EXERCISE: Reproduce the listing below as it stands. Leave out each image.

GIVEN INFORMATION:
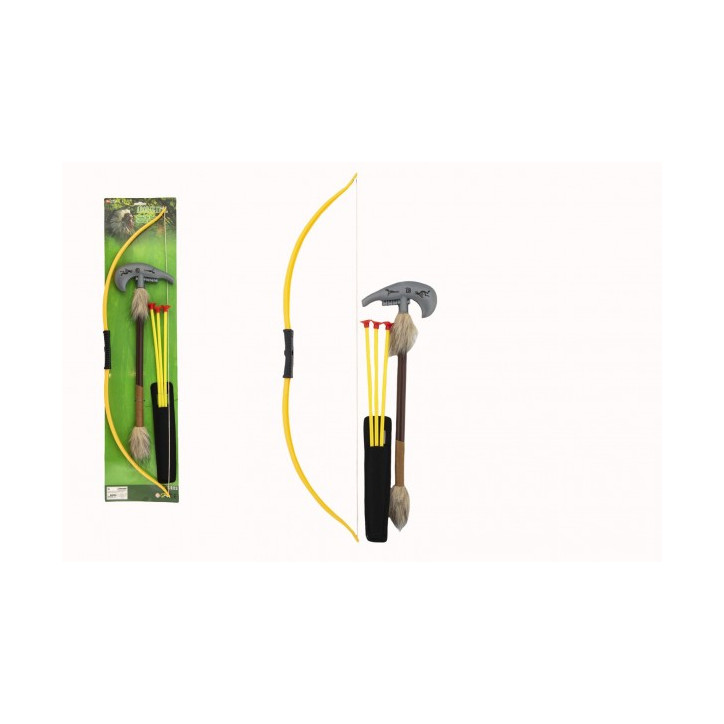 Luk indiánsky 70cm + 3 šípy s prísavkami + tomahawk plast v sáčku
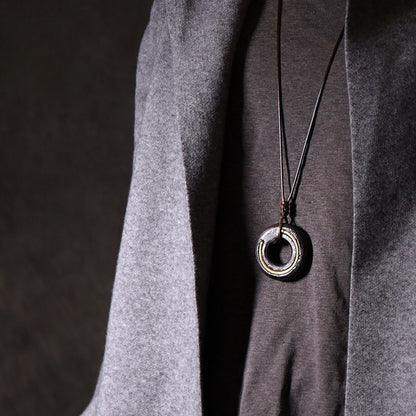 Zen Circle Ebony Wood Necklace Pendant – Peace & Calm | Zen Ara Grove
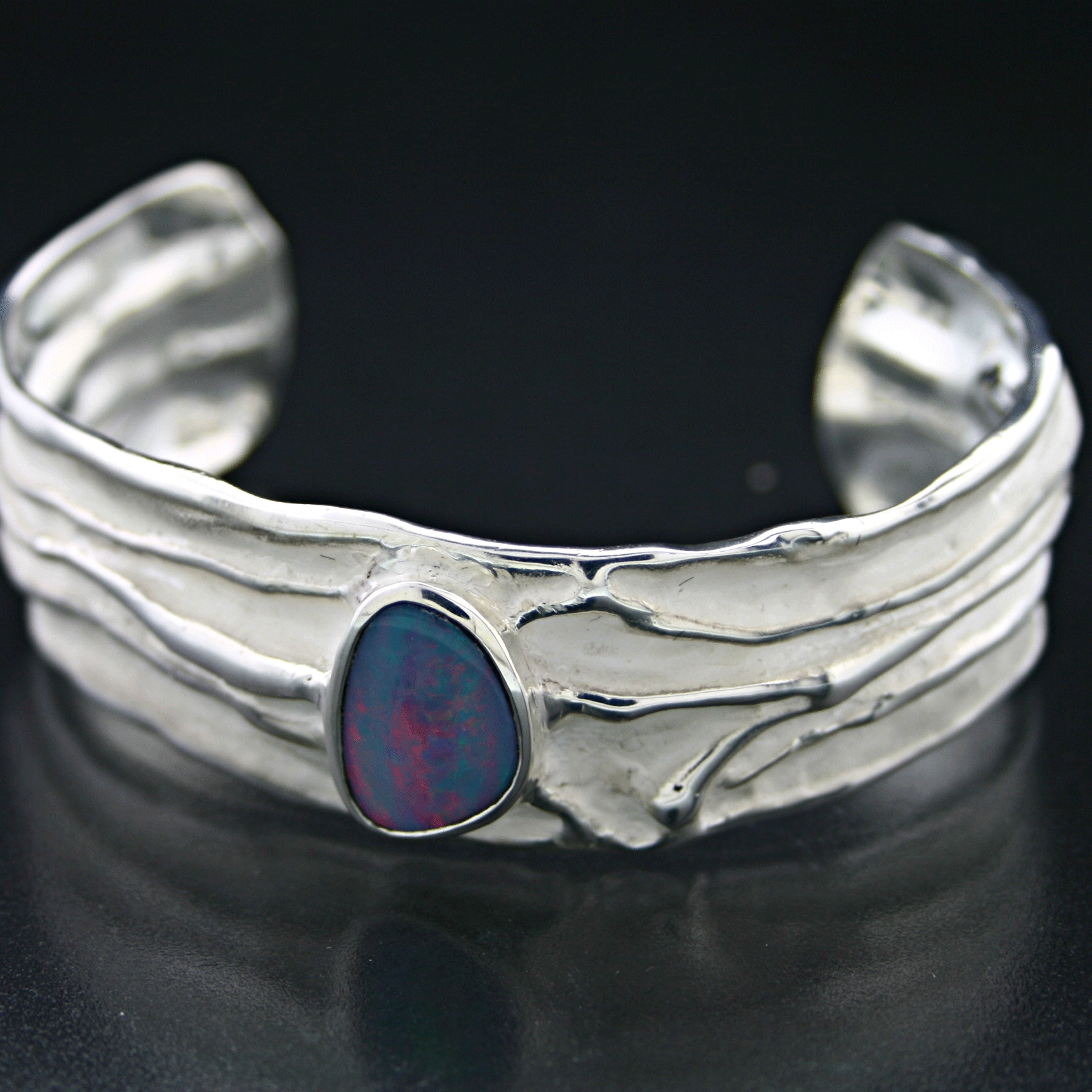 Boulderopal-Armreif, 925/-Silber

YOUR SOLUTION:
 Luk indiánsky 70cm + 3 šípy s prísavkami + tomahawk plast v sáčku
 Zen Circle Ebony Wood Necklace Pendant – Peace & Calm | Zen Ara Grove
 Boulderopal-Armreif, 925/-Silber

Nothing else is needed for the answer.